Your copy should run exactly from the line containing "ΡΟΛΟΙ WATERBURY TRADITIONAL" to the last line of the entries below, and it should include no pictures.

BEGIN RECORDED DATA

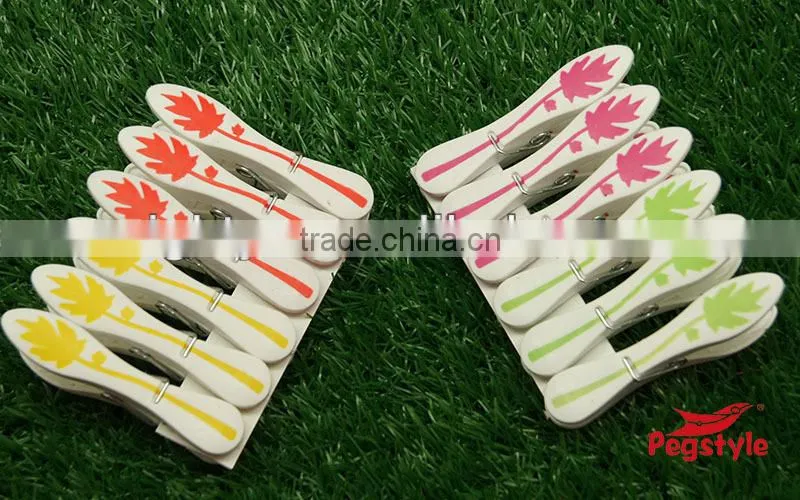 high quality TPR flower plastic peg plastic peg clips hot sold in Europe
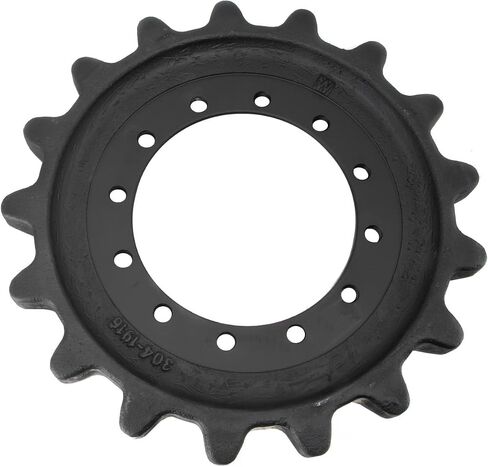 Drive Sprocket for CAT 279C 279D 289C 289D 299C 299D 12 Holes 17 Teeth 3304-1916 304-1916-A in Kuwait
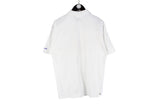 Vintage Adidas Stefan Edberg Polo T-Shirt Medium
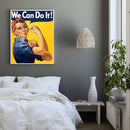 Frameless Painting By Numbers Fitness Girl DIY Hand-Painted Drawing On Canv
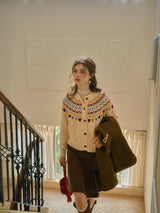 Heartwoven Knit Cardigan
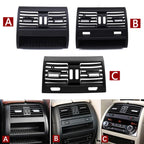 LHD RHD Car Front Rear Air Conditioning Chromed AC Vent Grille Outlet Cover Panel For BMW 5 Series F10 F11 F18 520i 523i 525i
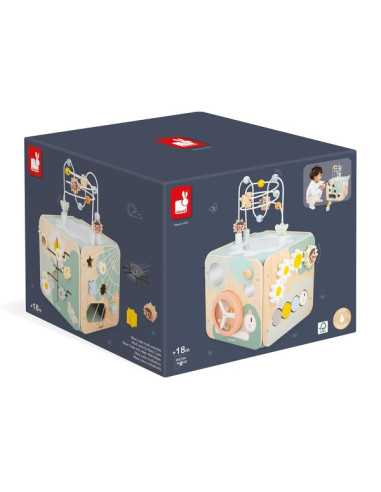 Maxi cube multi-activités Sweet... Maxi cube multi-activités Sweet...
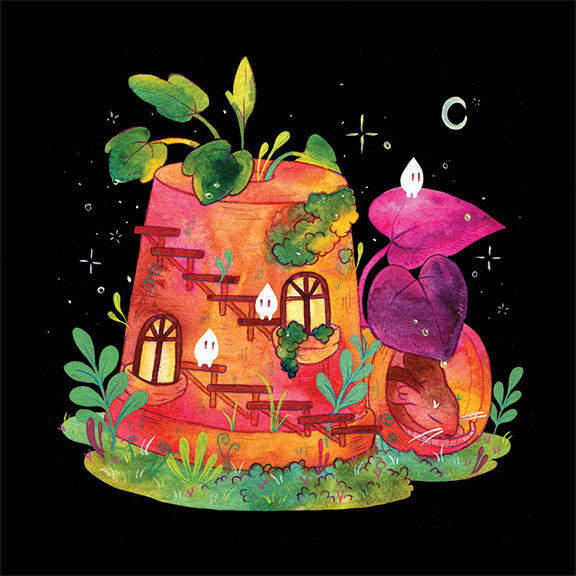 Plant Pot Dwelling
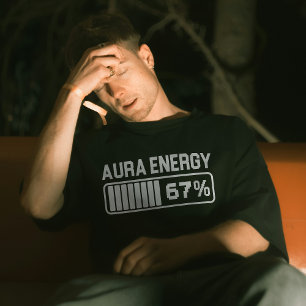 Camiseta 67 Meme Aura Energy engraçado em 67, 67, 7 Memes G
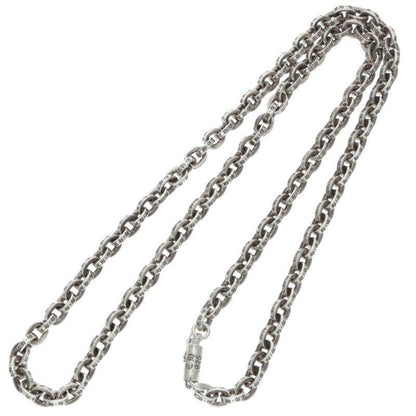 Chrome Hearts Paper Chain 20 Silver Necklace — view 2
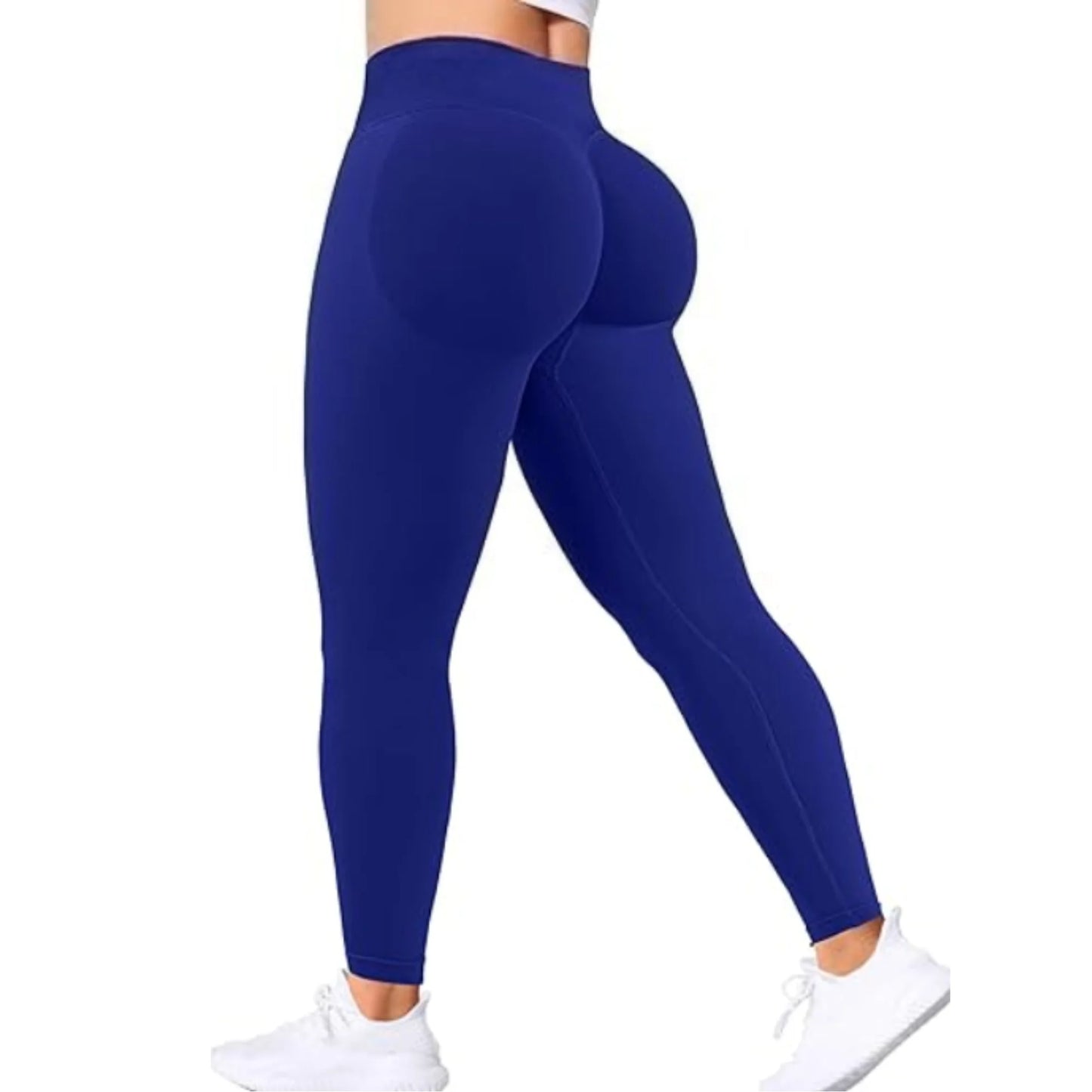 Leggins Femme Sans Couture Taille Haute en trois sections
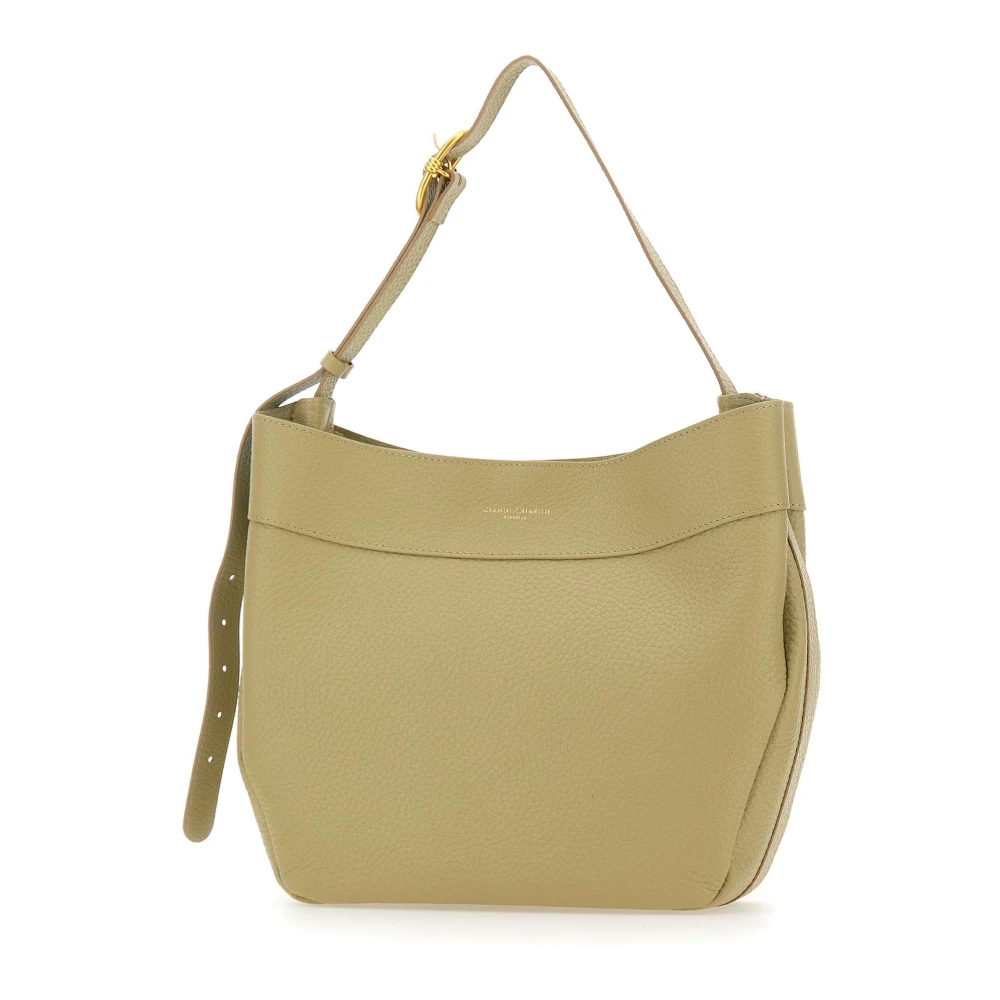 Gianni Chiarini Women's Green Selena Shoulder Bag, Shoulder Bags, One Size, Bags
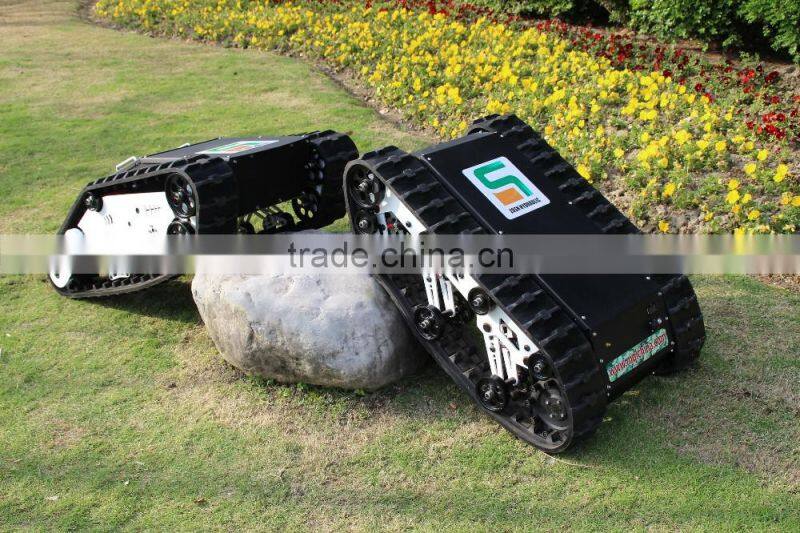 Fire fighting robot with gas extractor and breaking hammer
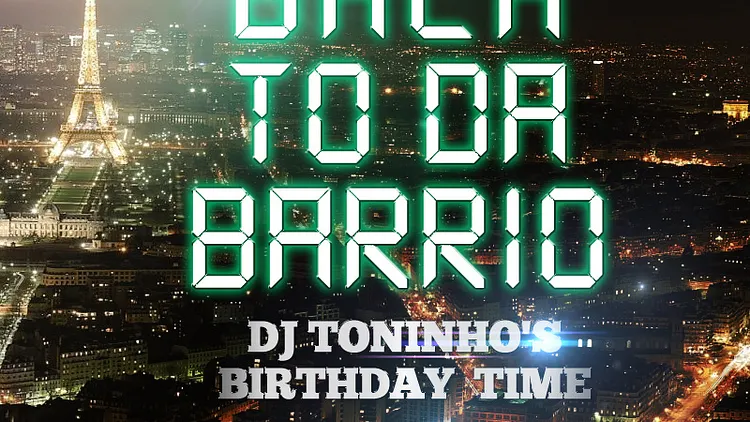 Back To Da Barrio
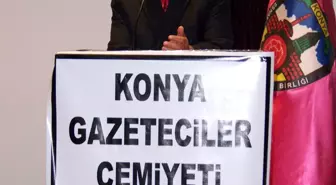 Kgc'den Gazetecilere Fikir Üretme Konulu Konferans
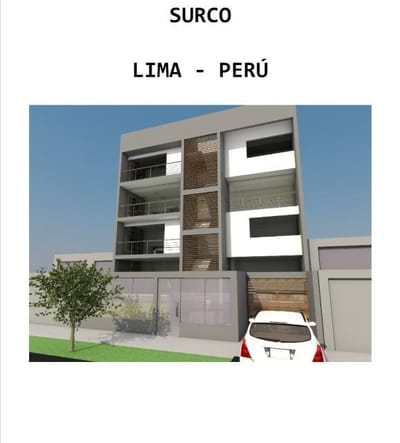 VENDO DEPARTAMENTO DE ESTRENO SURCO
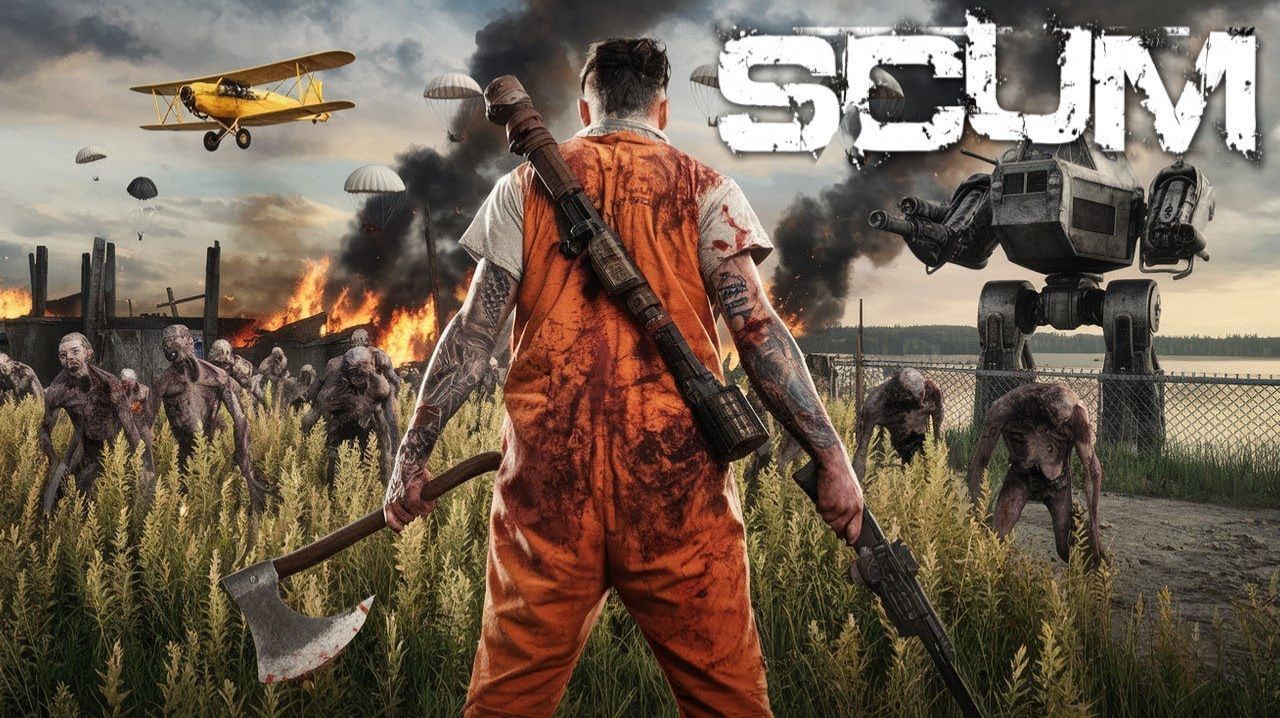 Scum Выживание Новичков!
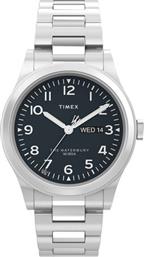 ΡΟΛΟΙ WATERBURY TRADITIONAL TW2W14800 ΑΣΗΜΙ TIMEX από το MODIVO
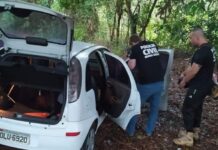 Polícia Civil encontra carro e notebook de vítima de latrocínio Carro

END RECORDED DATA

* _RESULT OF THE EXERCISE_:
 ΡΟΛΟΙ WATERBURY TRADITIONAL TW2W14800 ΑΣΗΜΙ TIMEX από το MODIVO
 Polícia Civil encontra carro e notebook de vítima de latrocínio Carro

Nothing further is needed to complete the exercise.